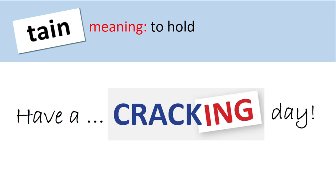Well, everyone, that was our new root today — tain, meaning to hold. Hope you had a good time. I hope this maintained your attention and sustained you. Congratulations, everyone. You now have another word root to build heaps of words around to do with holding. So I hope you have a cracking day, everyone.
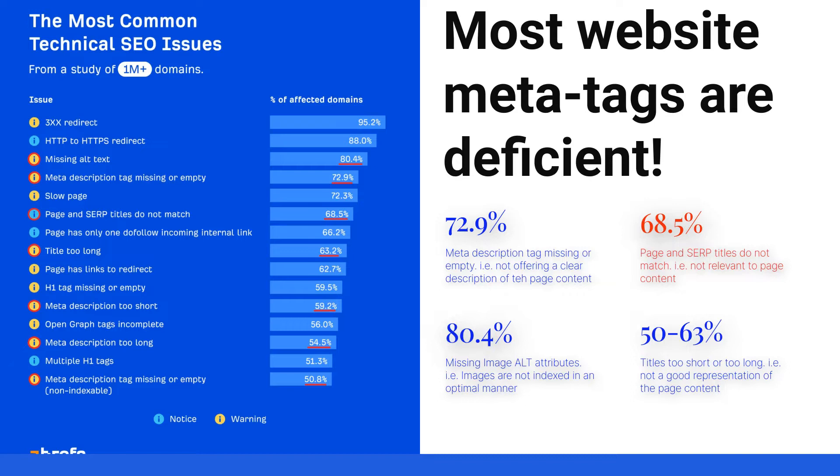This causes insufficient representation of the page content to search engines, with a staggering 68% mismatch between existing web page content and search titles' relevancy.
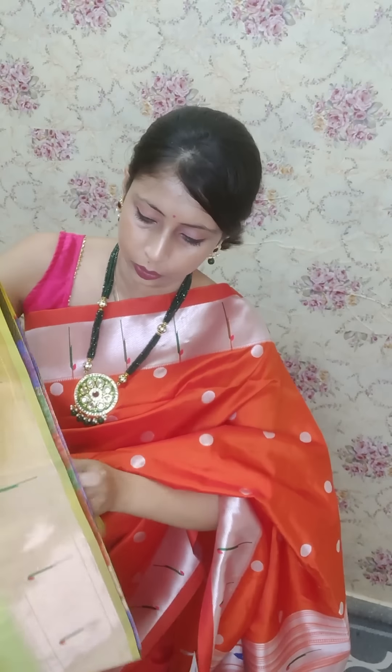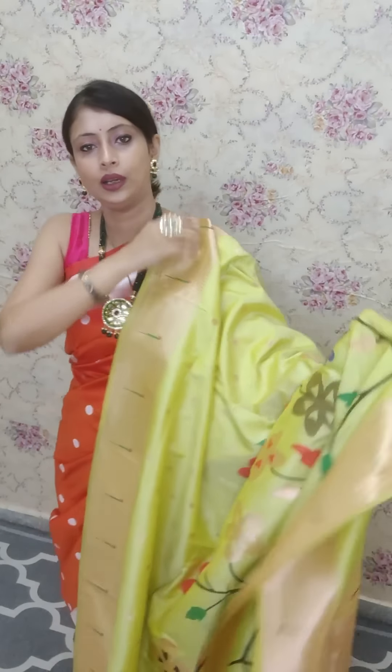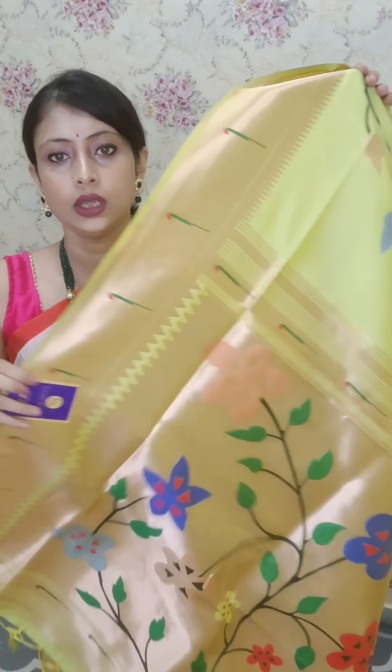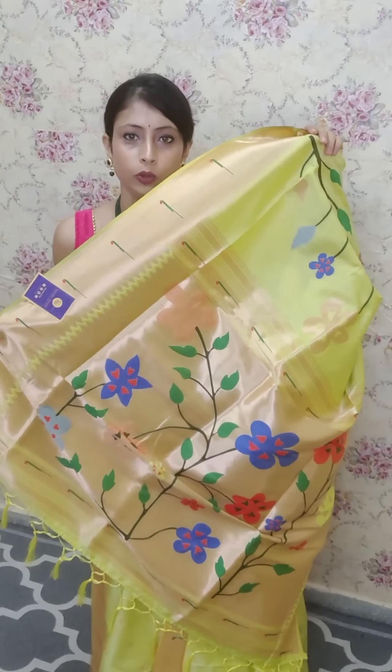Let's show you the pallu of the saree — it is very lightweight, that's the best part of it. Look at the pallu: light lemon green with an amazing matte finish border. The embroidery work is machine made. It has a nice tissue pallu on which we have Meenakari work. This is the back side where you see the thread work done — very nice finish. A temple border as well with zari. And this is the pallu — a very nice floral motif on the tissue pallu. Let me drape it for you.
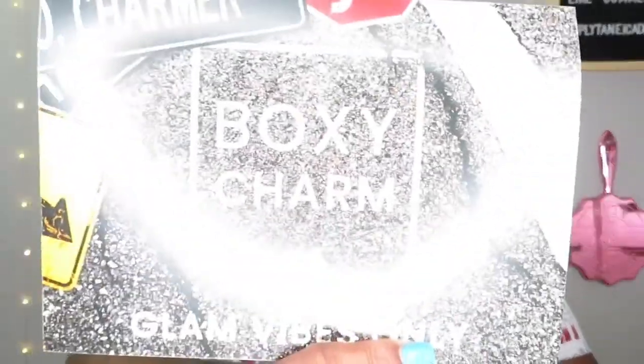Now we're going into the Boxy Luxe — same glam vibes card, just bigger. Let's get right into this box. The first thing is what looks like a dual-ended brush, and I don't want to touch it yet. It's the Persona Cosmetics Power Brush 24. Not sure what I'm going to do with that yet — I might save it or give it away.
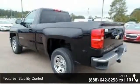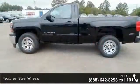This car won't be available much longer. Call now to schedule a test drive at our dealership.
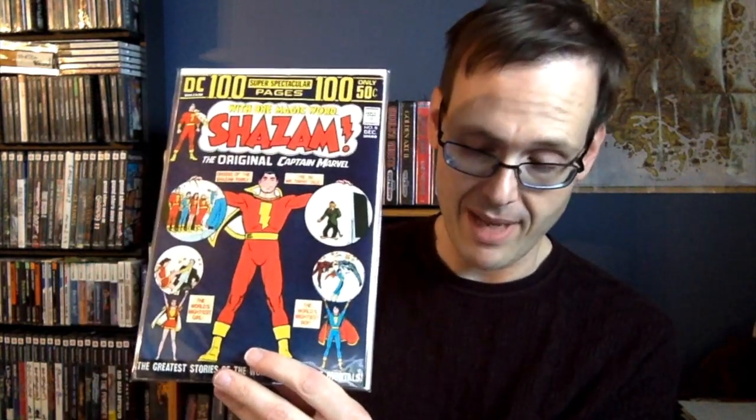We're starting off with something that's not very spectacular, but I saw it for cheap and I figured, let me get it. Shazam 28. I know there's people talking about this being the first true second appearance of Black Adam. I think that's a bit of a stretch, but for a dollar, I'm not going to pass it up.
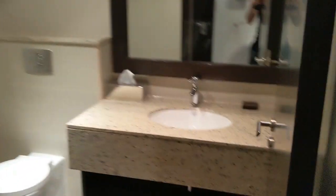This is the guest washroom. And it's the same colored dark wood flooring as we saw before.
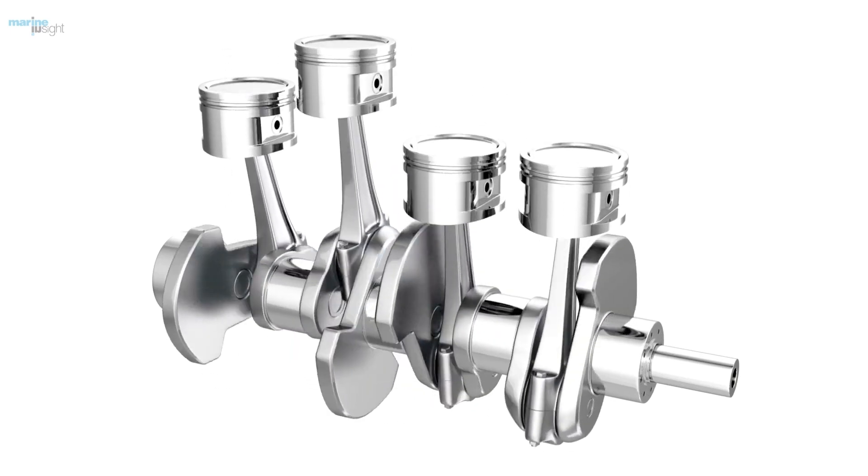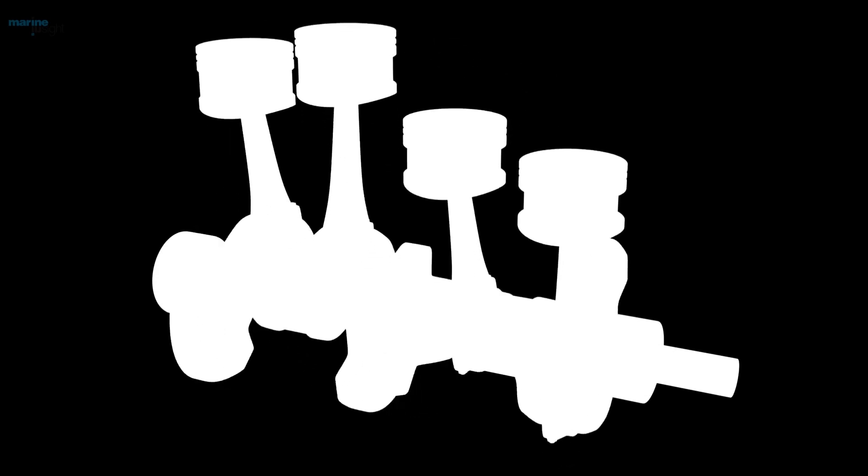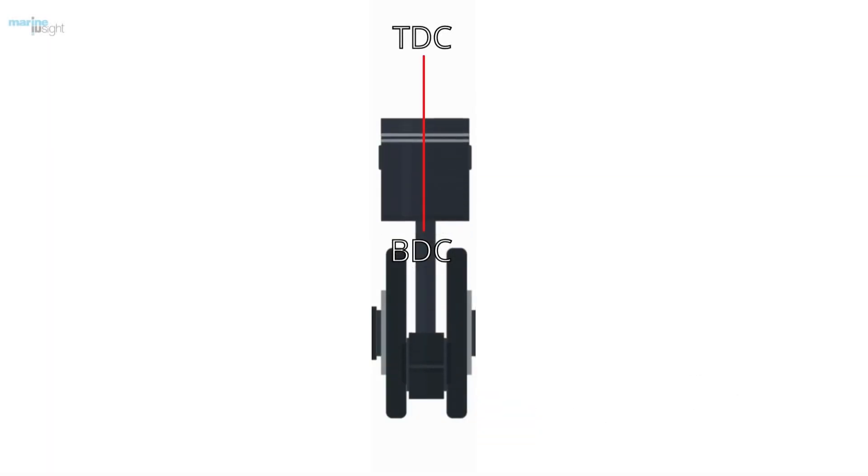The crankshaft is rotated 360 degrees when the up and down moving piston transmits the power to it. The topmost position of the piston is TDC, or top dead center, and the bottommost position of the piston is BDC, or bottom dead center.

> PROMPT: With the pictures omitted, the entries are to be transcribed in full, exactly as they appear.

> EXERCISE RESULT:
Well, everyone, that was our new root today — tain, meaning to hold. Hope you had a good time. I hope this maintained your attention and sustained you. Congratulations, everyone. You now have another word root to build heaps of words around to do with holding. So I hope you have a cracking day, everyone.
This causes insufficient representation of the page content to search engines, with a staggering 68% mismatch between existing web page content and search titles' relevancy.
Let's show you the pallu of the saree — it is very lightweight, that's the best part of it. Look at the pallu: light lemon green with an amazing matte finish border. The embroidery work is machine made. It has a nice tissue pallu on which we have Meenakari work. This is the back side where you see the thread work done — very nice finish. A temple border as well with zari. And this is the pallu — a very nice floral motif on the tissue pallu. Let me drape it for you.
Now we're going into the Boxy Luxe — same glam vibes card, just bigger. Let's get right into this box. The first thing is what looks like a dual-ended brush, and I don't want to touch it yet. It's the Persona Cosmetics Power Brush 24. Not sure what I'm going to do with that yet — I might save it or give it away.
This car won't be available much longer. Call now to schedule a test drive at our dealership.
We're starting off with something that's not very spectacular, but I saw it for cheap and I figured, let me get it. Shazam 28. I know there's people talking about this being the first true second appearance of Black Adam. I think that's a bit of a stretch, but for a dollar, I'm not going to pass it up.
This is the guest washroom. And it's the same colored dark wood flooring as we saw before.
The crankshaft is rotated 360 degrees when the up and down moving piston transmits the power to it. The topmost position of the piston is TDC, or top dead center, and the bottommost position of the piston is BDC, or bottom dead center.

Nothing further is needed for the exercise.